You have children with your partner…My first relationship is with someone who is still one of my dearest friends in the world. She is older than me, also Mormon. My Mormon camp counselor actually. She was married and had kids and so that was a whole drama. But I feel like she probably saved my life. If I hadn't met her I feel like I probably would have gotten married to a man, had children and then ending up needing NCLR because my husband would have sued me for custody when I ended up leaving him when I came out. I'm so glad that I met her because I'm sure I would have made a mess of my life.
So, my ex-partner Laurie had a one-year-old daughter when I got involved with her when I was 22. We were together for 12 years, so the whole point of me going back to then is, to say I have three children. I have a 27-year-old daughter from my relationship with Laurie. And Sandy and I, who have been together 16 years, have two kids. Our son Julian is 13 and our daughter Arianna is seven.
How did you meet your partner?Sandy and I met when she was a staff attorney for the ACLU in Utah and she was development associate with the ACLU in San Francisco. We met at an ACLU conference in Atlanta. It was very intense interest at first sight, if not love at first sight.
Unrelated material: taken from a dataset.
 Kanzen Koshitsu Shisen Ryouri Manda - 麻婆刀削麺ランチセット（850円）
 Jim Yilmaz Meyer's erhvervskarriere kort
And you were both single?Ah, you're going to go there, aren't you? What I will say is, she was single, I was not single. To the extent that I have serious regrets in my life it's not having the foresight to recognize when something isn't working. So doing maximum damage in order to figure that out. While Laurie and I are still friends, I did a lot of damage that shouldn't have been done and you learn some of these things the hard way.
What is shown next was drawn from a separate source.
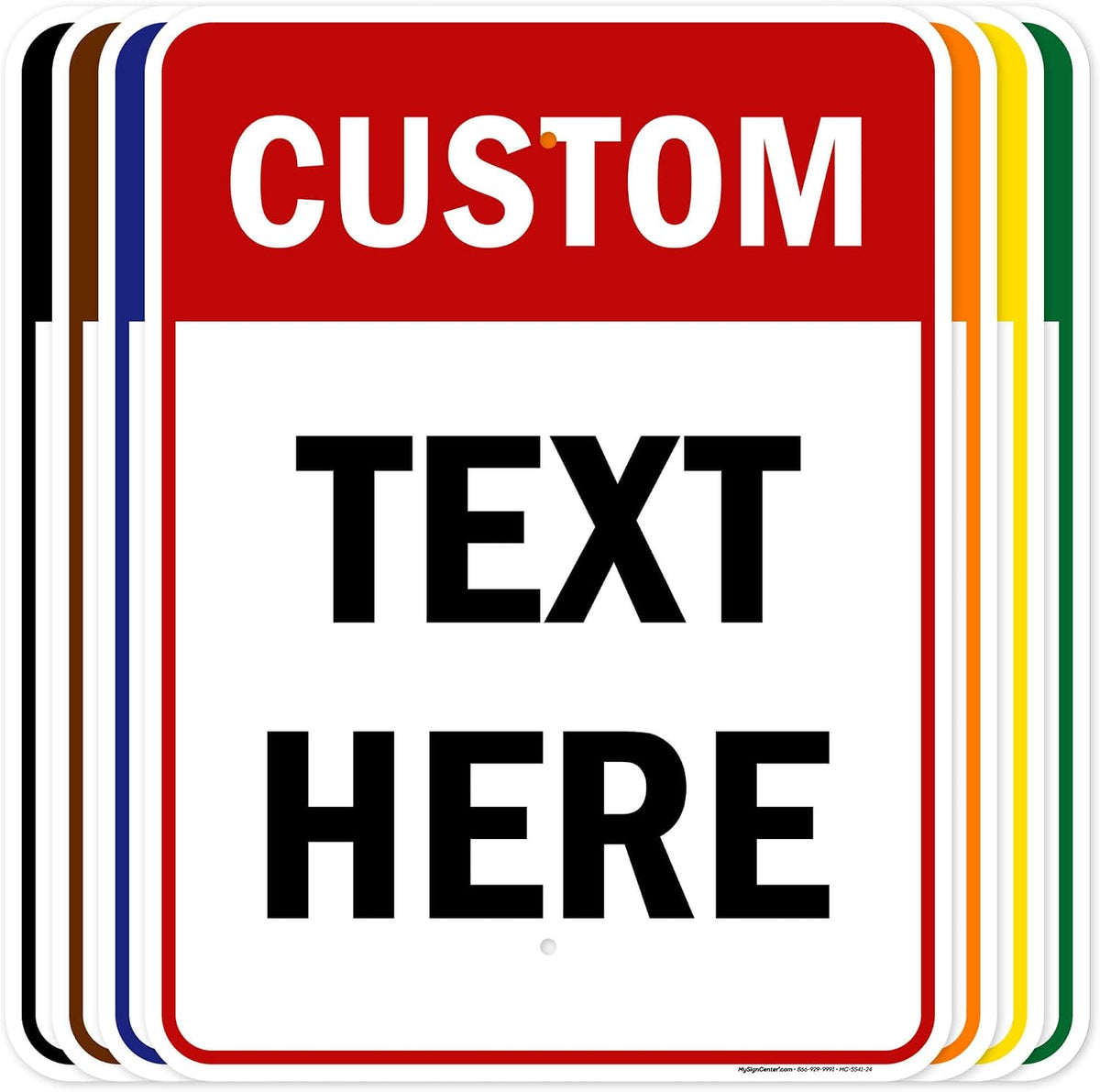 Custom Sign, Custom Sign for Business, Indoor/Outdoor use. 18x24 Inches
Given the distance and all the complications, it's amazing that Sandy and I got together. But I have to say, it's the love of my life.
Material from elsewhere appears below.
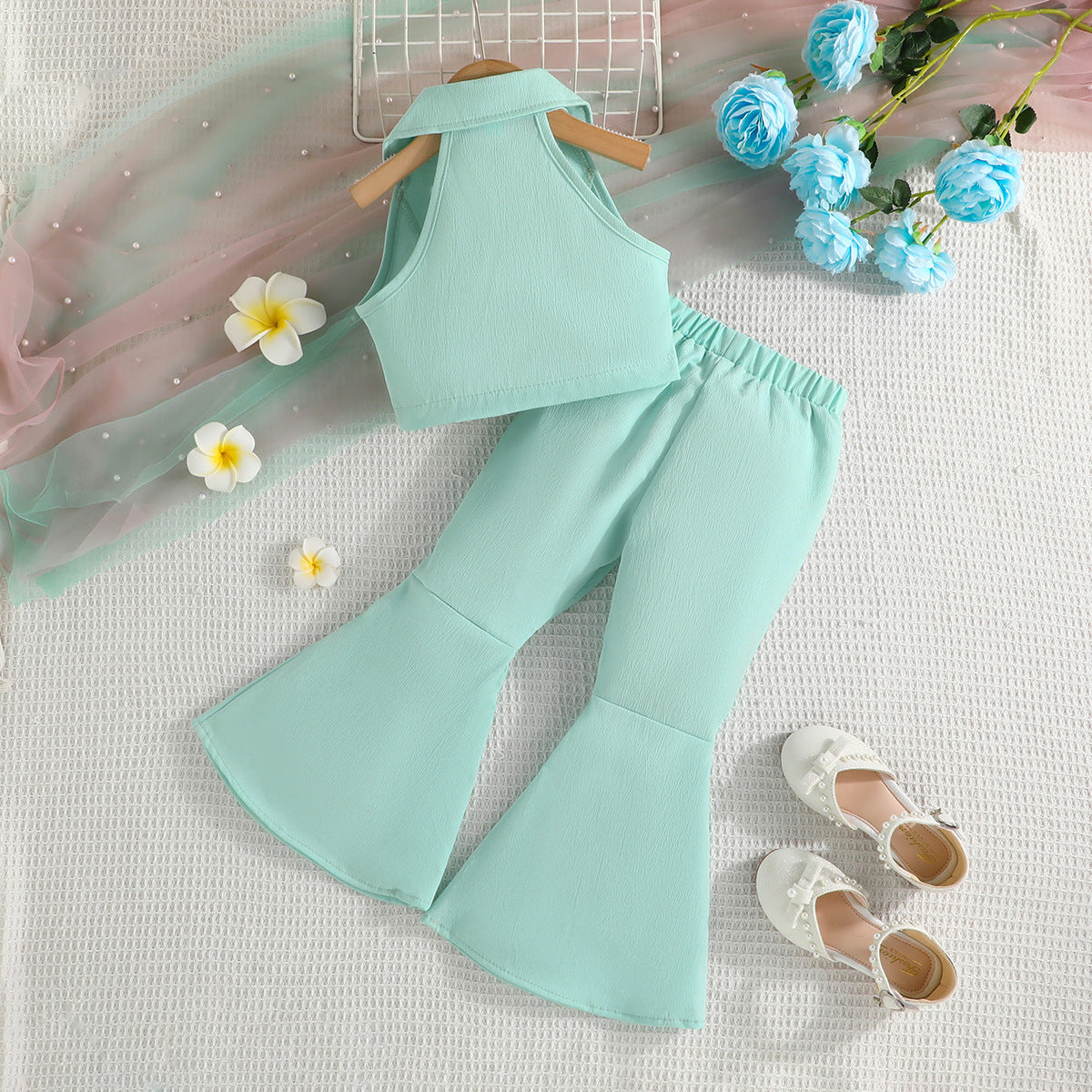 Girls Green Top with Trouser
Are you married?We got married and we still are married. California is in that bizarre situation where there was a six month window [when same-sex marriage was legal] and we got married in that period of time
Did you get married the first time it was legal in 2004?No, when Newsom started issuing marriage licenses the first time, a lot of people asked us if we were getting married because about 4,000 couples did. I have to say, it was such an incredible experience to go through, but we were so involved as the lawyers, it felt weird at that time. We knew there would be a lawsuit, so it was like you would be the client and the lawyer at the same time.
Four years later when the Supreme court ruled [that to deny marriage was unconstitutional], that day when we won, other than my children being born was the most glorious day of my life. I remember coming back to my office toward the end of the day. Sandy and I had not talked all day, but of course there was a media firestorm and just huge ecstatic reaction all over the country and I came back to my office about 3:30 and called her and I just blurted out, "Will you marry me?" and she says, "Hold on just a second and she puts me on speaker phone and I hear her calling for her colleagues to come into her office and so by this time because I'm laughing and hollering myself, my staff is starting to come out of their offices and stand outside my office and I hear her get everybody gathered and I hear her say, "Okay, say it again." So of course I did and she said yes.
So we did, we got married on July 9th. It was an amazing thing for us to publicly say vows, in front of our children, who got to witness it, and who were elated. It is a very powerful ceremony. I guess I had undervalued the power of ceremony. That was an incredible day. And then to have it lost in November. I mean, we're still married, but that's cold comfort. To have so many couples who weren't able to get in for so many reasons. I feel like we can't rest until we win marriage back in California.